Chiran is on the southern tip of the Osumi peninsula, and attracts winds from the sea. The Hamada tea firm takes an approach of selecting the best leaves from the wide growing area. Led by Shuhei Hamada, a trained tea master to the sixth grade, they apply their palettes and their noses to the task of creating the best possible blends of Chiran leaves.
To the north of Chiran in Kagoshima’s interior is the town of Satsuma. Merged from many smaller settlements, Satsuma is a rich land of agriculture. The warm currents support tea growing, and the leaves grow thick and green. Here Yamaguchi-en have farmed since 1978 as a family firm. The birth of a new generation into the family led to a new approach, and a switch to organic farming in the early 1990s that entailed many challenges. But they persisted, and the result is a range of sustainable, full-flavour teas. They were included in our selection based on a recommendation from the ceramicist Kaori Sasaki, who brews Yamaguchi-en tea while working in her nearby ceramic studio.
Kirishima to the south of Satsuma, sits at the foot of the Takachiho no Mine volcano range. Here the altitude leads to a colder climate, and another Kagoshiman terroir for tea. When brewed, Kirishima teas often offer a quite thin green colour, that deceives to the level of taste. The brews are in fact fresh, sophisticated and satisfying. The Sueshige family business has been farming teas in the region since 1932 and understands all of its characteristics. The recipient of awards in the world of tea, they daily explore the potential of Kirishima tea making.

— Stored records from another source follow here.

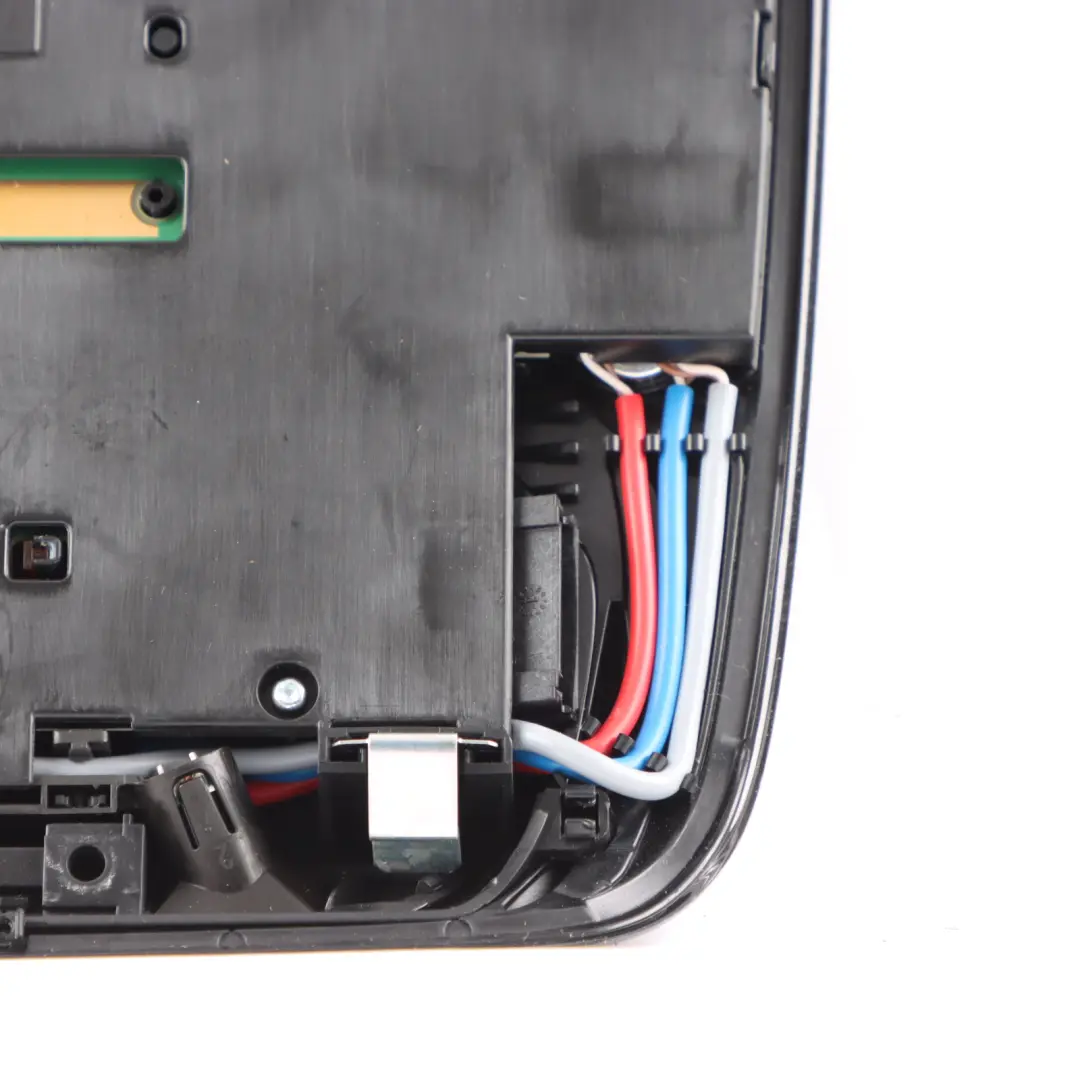 Cabin Lamp Interior Roof Light Switch Panel to BMW G20 G30 X3 G01 X4 G02 with Part number 5A8A0F4 BMW G20 G30 X3 G01 X4 G02 Cabin Lamp Interior Roof Light Switch Panel - SKU 5A8A0F4 - Part number 5A8A0F4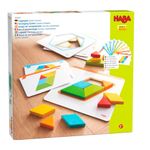 Joc de aranjare Haba, 24 luni+ fotografia produsului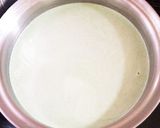 簡単！すぐできる抹茶プリン♡作り方2写真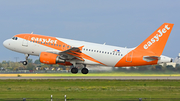 easyJet Europe Airbus A319-111 (OE-LKO) at  Berlin Brandenburg, Germany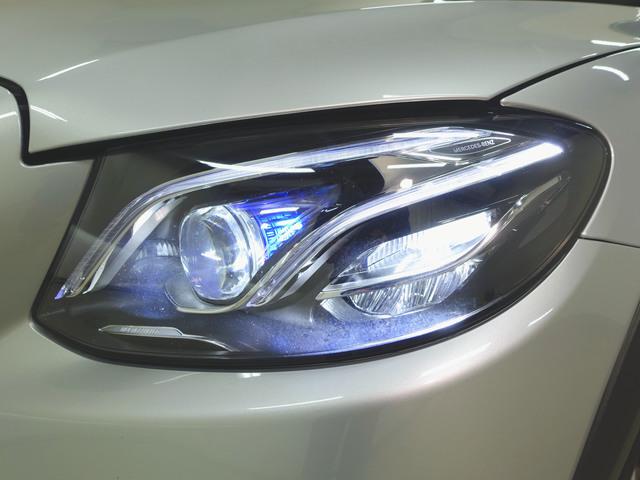 E220 d 4マチック オールテレイン エクスクルーシブパッケージ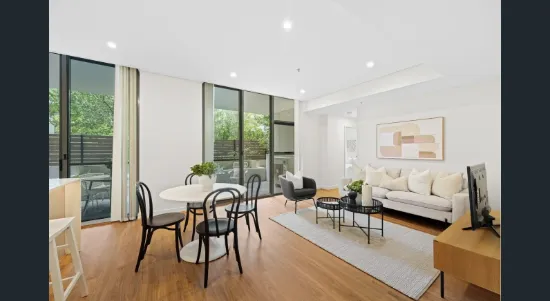 G02/9 Mooltan Avenue, Macquarie Park NSW 2113-Image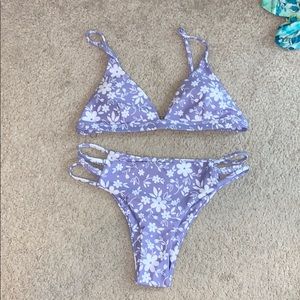 SHEIN bikini set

Japan as a whole has a rich cafe culture. There are numerous sub-genres including jazz, comic books and cats. One within them is mingei (folk craft) cafes, which can sometimes be found with dark wood hand made furniture, and the walls dotted with plates and textiles. Kagoshima’s Coffee-Kan has been a feature in its cafe scene for more than 35 years. It is a space maintained and created by Koichiro Nagata, otherwise known as the Kan-cho (Cafe Chief). Nagata takes a craft inspired approach to the beans that he sorts and roasts personally using vintage equipment in a corner of the establishment. He drips water onto the ground beans held in flannel filters, and presents each cup in specially fired works by leading contemporaries in the craft scene. The logo of Coffee-Kan is also bespoke, made by legendary stencil dye artist Samiro Yunoki.
Moments spent in the Coffee-Kan offer a sense of peace in the passage of time. Something too that is roasted and imbued into beans selected and bagged by the Kan-cho himself.